§ **TASK ITEM**: Your answer should be one number, the count of lines in the entries holding the word "wooden".

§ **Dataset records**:
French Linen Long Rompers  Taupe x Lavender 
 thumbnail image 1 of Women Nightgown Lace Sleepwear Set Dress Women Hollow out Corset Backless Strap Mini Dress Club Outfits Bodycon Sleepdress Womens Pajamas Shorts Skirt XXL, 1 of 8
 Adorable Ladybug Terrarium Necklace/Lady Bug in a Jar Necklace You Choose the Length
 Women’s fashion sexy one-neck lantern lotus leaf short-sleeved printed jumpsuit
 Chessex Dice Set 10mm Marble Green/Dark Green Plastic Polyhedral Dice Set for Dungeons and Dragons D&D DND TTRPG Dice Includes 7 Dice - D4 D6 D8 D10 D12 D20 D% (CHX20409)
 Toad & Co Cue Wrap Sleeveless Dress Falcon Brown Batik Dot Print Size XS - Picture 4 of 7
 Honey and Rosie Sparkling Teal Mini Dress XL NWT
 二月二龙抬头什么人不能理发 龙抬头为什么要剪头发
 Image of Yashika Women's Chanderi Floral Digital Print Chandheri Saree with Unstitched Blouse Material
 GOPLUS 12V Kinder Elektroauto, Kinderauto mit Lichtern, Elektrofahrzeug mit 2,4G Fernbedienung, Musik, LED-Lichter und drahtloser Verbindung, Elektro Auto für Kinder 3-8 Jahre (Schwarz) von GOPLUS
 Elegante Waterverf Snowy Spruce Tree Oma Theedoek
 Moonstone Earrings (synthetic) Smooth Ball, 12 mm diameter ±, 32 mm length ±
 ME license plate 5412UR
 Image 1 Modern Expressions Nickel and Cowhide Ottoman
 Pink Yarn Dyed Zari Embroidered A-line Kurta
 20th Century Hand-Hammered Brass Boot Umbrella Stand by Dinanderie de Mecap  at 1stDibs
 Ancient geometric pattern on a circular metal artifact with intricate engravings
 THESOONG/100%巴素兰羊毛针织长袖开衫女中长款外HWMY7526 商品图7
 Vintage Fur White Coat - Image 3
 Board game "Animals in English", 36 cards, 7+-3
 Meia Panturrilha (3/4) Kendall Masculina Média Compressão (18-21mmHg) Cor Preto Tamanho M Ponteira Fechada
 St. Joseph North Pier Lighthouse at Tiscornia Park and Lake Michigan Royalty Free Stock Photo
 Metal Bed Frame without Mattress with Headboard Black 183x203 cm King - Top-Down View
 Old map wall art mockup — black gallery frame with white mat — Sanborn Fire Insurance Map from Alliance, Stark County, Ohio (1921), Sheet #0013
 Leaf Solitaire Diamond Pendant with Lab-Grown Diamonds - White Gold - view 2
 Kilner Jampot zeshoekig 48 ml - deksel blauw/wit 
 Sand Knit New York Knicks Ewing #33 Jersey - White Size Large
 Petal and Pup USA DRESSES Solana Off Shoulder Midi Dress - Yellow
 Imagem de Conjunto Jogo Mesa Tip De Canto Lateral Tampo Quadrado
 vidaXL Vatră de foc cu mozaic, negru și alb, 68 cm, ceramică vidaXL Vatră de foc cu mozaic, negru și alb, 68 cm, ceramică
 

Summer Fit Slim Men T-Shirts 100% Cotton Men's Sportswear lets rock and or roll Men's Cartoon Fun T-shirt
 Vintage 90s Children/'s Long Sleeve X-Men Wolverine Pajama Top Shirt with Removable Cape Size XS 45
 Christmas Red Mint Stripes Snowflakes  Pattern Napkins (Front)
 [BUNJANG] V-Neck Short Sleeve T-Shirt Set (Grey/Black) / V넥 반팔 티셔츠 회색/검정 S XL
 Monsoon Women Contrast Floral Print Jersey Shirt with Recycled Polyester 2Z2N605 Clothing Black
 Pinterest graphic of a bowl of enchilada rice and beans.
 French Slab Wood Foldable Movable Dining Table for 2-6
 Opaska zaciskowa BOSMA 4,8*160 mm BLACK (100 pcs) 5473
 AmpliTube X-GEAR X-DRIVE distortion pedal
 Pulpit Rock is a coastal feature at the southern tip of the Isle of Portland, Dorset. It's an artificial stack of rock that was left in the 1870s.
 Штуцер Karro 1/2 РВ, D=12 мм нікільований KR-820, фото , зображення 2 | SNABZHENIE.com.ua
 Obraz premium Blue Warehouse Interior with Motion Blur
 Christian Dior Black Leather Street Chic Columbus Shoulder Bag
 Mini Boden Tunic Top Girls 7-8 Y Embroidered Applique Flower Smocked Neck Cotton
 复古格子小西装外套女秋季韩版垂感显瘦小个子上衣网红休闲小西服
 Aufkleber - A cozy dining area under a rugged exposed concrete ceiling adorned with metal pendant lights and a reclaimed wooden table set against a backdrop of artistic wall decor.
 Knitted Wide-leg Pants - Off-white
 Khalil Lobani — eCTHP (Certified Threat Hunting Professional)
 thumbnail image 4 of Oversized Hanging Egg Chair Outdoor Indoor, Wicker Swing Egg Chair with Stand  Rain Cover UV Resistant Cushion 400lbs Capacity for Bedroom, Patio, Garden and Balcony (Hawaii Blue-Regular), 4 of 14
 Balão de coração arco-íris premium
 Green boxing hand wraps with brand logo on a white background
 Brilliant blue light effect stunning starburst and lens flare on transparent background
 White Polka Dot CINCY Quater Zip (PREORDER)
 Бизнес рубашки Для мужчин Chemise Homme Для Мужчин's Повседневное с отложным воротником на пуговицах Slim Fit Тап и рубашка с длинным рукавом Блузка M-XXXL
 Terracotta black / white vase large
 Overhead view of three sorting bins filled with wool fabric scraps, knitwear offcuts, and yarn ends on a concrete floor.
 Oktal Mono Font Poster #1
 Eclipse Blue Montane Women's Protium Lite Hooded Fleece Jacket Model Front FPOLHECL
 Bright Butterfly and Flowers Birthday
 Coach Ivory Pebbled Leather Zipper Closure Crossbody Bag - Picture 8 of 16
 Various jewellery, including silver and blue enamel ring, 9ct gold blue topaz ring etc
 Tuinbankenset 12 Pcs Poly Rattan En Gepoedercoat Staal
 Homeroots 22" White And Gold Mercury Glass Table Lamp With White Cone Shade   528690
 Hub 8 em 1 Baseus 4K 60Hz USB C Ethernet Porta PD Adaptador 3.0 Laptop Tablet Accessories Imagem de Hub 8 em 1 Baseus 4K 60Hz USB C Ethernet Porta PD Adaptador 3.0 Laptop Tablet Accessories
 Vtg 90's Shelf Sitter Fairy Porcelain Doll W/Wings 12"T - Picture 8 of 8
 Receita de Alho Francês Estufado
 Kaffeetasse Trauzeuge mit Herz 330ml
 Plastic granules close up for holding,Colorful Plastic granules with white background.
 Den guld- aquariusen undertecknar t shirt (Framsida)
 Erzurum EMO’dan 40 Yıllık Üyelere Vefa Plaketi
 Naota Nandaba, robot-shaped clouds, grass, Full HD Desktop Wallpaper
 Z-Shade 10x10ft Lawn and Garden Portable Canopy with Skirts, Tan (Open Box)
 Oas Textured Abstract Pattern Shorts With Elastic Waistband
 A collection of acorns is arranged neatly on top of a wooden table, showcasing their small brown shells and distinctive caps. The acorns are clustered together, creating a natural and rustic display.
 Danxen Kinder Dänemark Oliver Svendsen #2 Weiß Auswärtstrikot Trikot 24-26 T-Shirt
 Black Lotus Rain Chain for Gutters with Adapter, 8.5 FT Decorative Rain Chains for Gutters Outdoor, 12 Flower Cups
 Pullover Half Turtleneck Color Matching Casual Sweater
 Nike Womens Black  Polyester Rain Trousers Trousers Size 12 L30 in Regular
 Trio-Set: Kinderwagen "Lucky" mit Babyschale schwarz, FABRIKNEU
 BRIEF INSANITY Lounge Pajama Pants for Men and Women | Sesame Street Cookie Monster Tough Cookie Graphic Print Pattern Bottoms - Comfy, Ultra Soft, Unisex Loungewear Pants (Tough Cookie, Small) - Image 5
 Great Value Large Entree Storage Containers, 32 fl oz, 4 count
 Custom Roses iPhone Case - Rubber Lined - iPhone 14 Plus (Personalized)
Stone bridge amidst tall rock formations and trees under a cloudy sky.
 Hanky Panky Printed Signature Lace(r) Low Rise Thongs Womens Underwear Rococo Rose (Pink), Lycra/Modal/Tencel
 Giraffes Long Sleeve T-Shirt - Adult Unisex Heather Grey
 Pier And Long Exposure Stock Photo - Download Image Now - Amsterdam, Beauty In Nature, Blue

§ **RESULT OF THE EXERCISE**: 2